Despite the seeming broad range of this branch of NLRA preemption, state laws of general application that impose minimal substantive requirements on contract terms are not preempted. As the Supreme Court noted in Metropolitan Life:
Those state laws that have been held by the Supreme Court to be preempted invariably involve attempts by the state to regulate employer or employee conduct and control the collective bargaining process. Thus, in Teamsters Local 20 v. Morton, 377 U.S. 252, 84 S.Ct. 1253, 12 L.Ed.2d 280 (1964), the Court struck down an Ohio law that prohibited a type of secondary boycott and ruled that if the state law were allowed to deprive the union of this self-help weapon "the inevitable result would be to frustrate the congressional determination to leave this weapon of self-help available and to upset the balance of power between labor and management expressed in our national labor policy." Id. at 260. Similarly, in Machinists v.
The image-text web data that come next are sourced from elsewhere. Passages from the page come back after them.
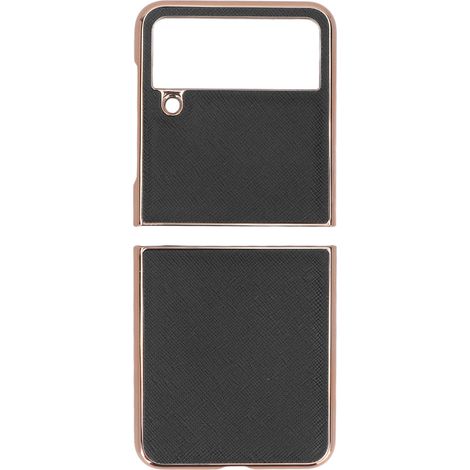 Housse pliante en cuir pour Samsung Galaxy Z Flip4, étui protecteur antichoc, ajustement parfait, résistant aux rayures, noir (1/5)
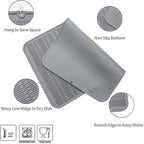 Silicone Dish Drying Mat for Multiple Usage,Easy clean,Eco-friendly,Heat-resistant Silicone Mat for Kitchen Counter or Sink,Refrigerator or Drawer Liner Grey 3XL 28 inches x 18 inches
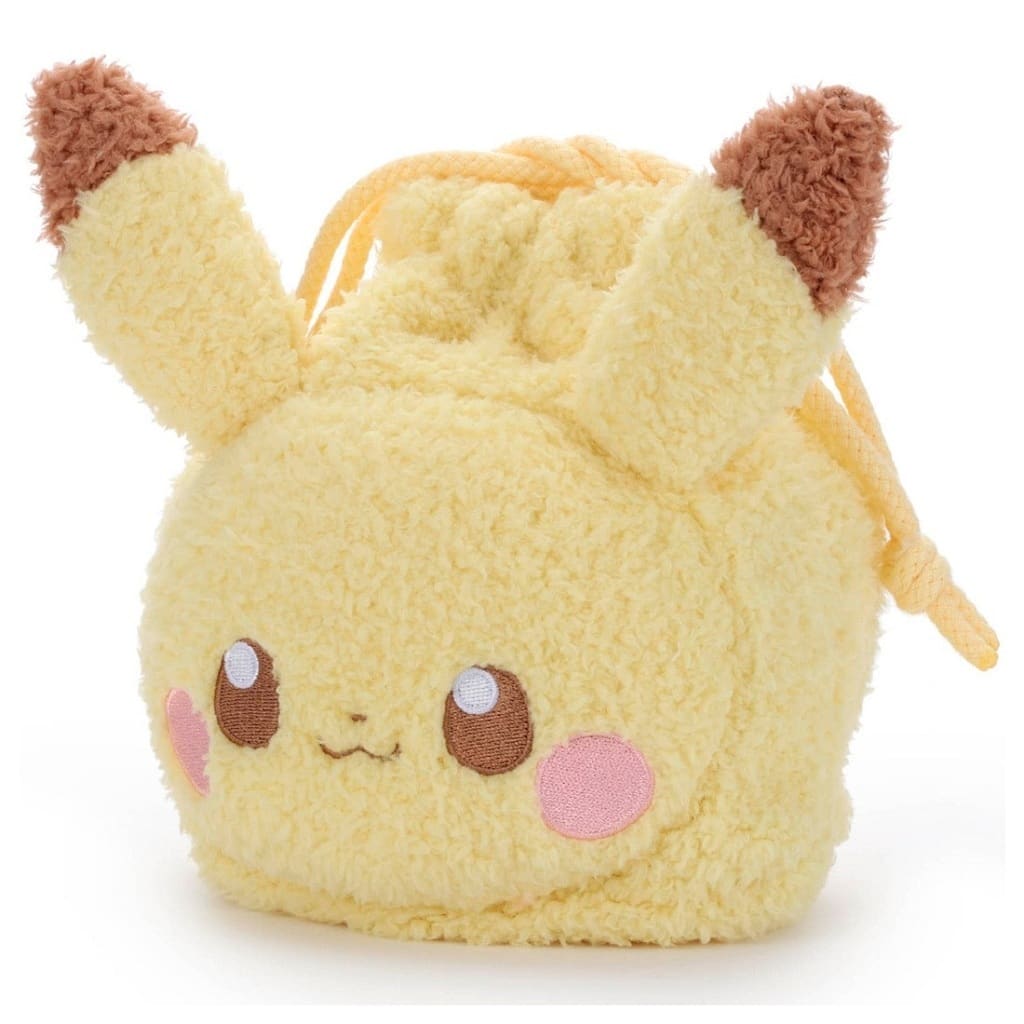 Pikachu Plush Drawstring Pouch (Takara Tomy Arts) — Pokémon Plush Pouch, Used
Wisconsin Employment Relations Comm'n, 427 U.S. 132, 96 S.Ct. 2548, 49 L.Ed. 396 (1976), the Court overruled a state law that penalized a concerted refusal to work overtime and held that this conduct by organized employees was intended to be unregulated as a self-help mechanism.
Most significantly, there is no suggestion in the legislative history of the Act that Congress intended to disturb the myriad of state laws then in existence that set minimum labor standards, but were unrelated in any way to the processes of bargaining or self-organization. To the contrary, we believe that Congress developed the framework for self-organization and collective bargaining of the NLRA within the larger body of state law promoting public health and safety. The states traditionally have had great latitude under their police powers to legislate as "`to the protection of lives, limbs, health, comfort and quiet of all persons.'" Slaughter-House Cases, 16 Wall. 36, 62 [21 L.Ed. 394] (1873) quoting Thorpe v. Rutland Burlington R. Co., 27 Vt. 140, 149 (1855). "States possess broad authority under their police powers to regulate the employment relationship to protect workers within the State. Child labor laws, minimum and other wage laws, laws affecting occupational health and safety ... are only a few examples." DeCanas v. Bica, 424 U.S. 351, 356 [96 S.Ct. 933, 936, 47 L.Ed.2d 43] (1976). State laws requiring that employers contribute to unemployment and workmen's compensation funds, laws prescribing mandatory state holidays and those dictating payment to employees for time spent at the polls or on jury duty all have withstood scrutiny. See e.g., Day-Brite Lighting, Inc. v. Missouri, 342 U.S. 421, 72 S.Ct. 405, 96 L.Ed. 469 (1952).
Id. 105 S.Ct. at 2398.
Maine's severance pay law is a statute of general application that affects union and nonunion employees equally. Designed to protect Maine citizens from the economic dislocation that accompanies closing of large establishments, the severance pay statute is a legitimate exercise of the state's police power. Shapiro Bros. Shoe Co., Inc. v. Lewiston Auburn S.P.A., 320 A.2d 247, 254 (Me. 1974); State v. Union Oil Co of Maine, 151 Me. 438, 120 A.2d 708 (1956). The statute, in fact, has a very limited impact on the collective bargaining process inasmuch as it does not ever apply when the parties have reached an agreement on the subject of severance pay via an express contract. Although Section 625-B does effect the collective bargaining relationship by encouraging employers to either agree to some form of severance pay contract or face liability under the act, it does not limit the rights of self-organization or forms of collective bargaining protected by the NLRA and is not preempted by the act.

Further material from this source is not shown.